◆ EXERCISE DIRECTIONS
Would you return exactly the lines below from the line with "Bulldog Anti-Dandruff Shampoo" through the line with "콘텐츠 대표 이미지 - USS", both included, and nothing else, leaving out the pictures?

◆ EXERCISE INPUT
************

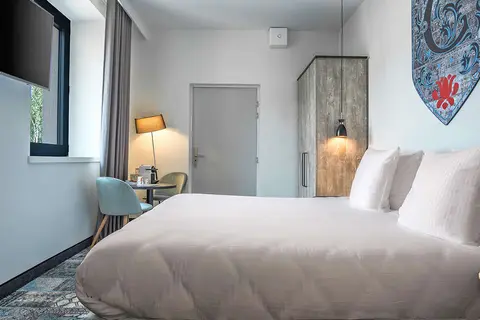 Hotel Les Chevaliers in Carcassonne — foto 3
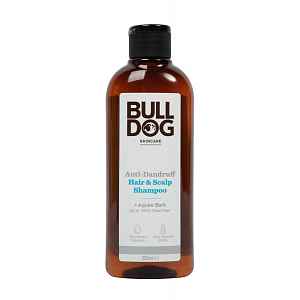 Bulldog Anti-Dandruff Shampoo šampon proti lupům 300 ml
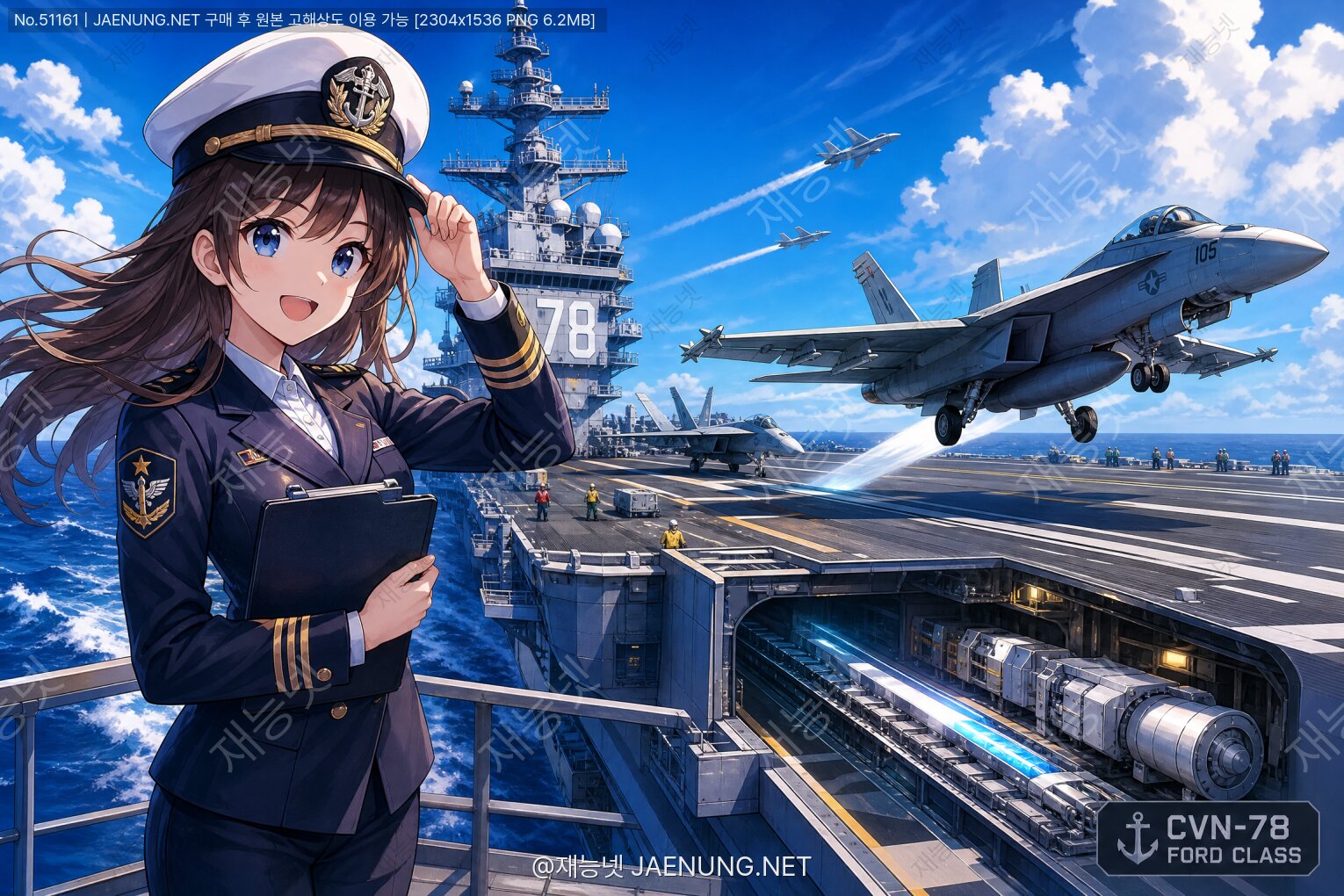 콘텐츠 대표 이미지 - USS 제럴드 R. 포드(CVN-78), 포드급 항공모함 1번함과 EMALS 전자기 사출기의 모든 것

************

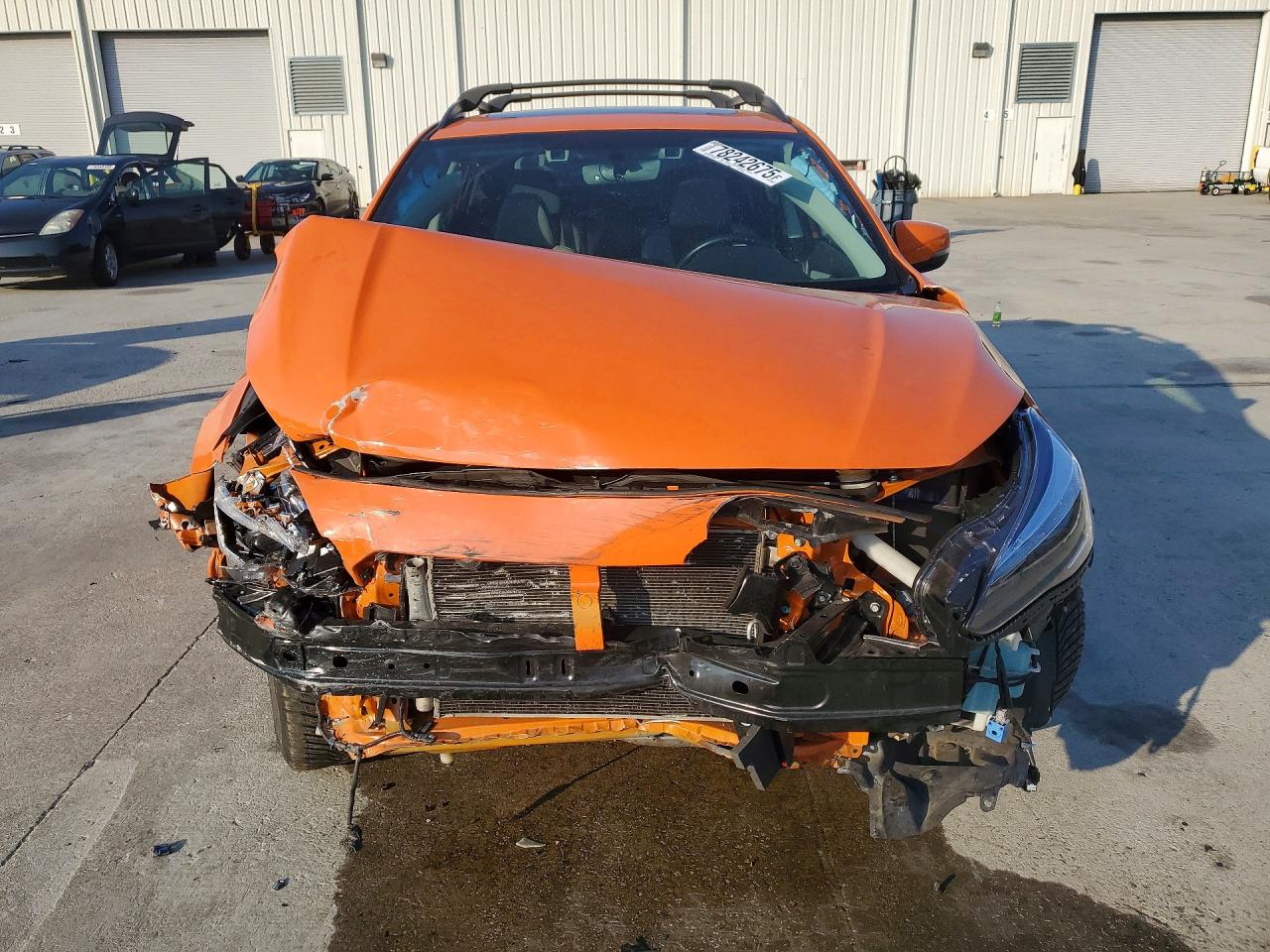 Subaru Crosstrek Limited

************

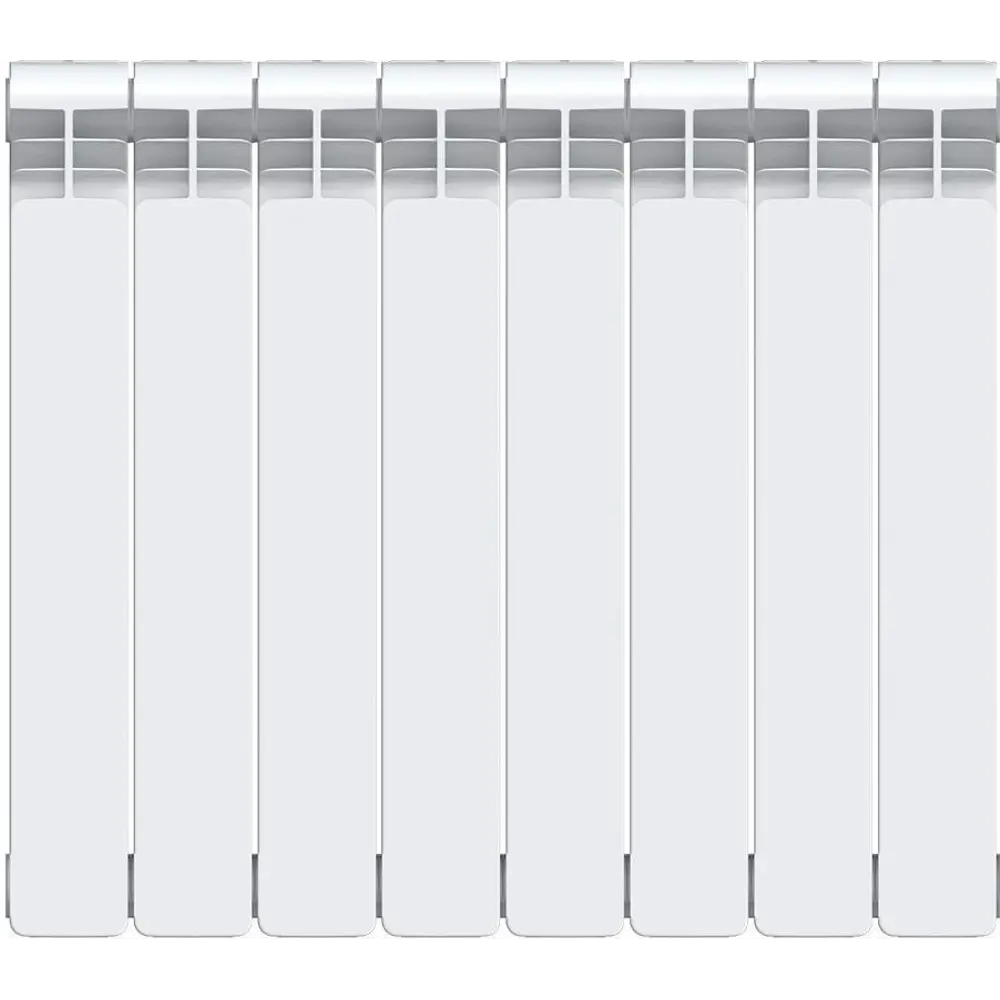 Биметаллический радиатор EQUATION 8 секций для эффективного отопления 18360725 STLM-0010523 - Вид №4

************

◆ REPLY TO THE TASK
 Bulldog Anti-Dandruff Shampoo šampon proti lupům 300 ml
 콘텐츠 대표 이미지 - USS 제럴드 R. 포드(CVN-78), 포드급 항공모함 1번함과 EMALS 전자기 사출기의 모든 것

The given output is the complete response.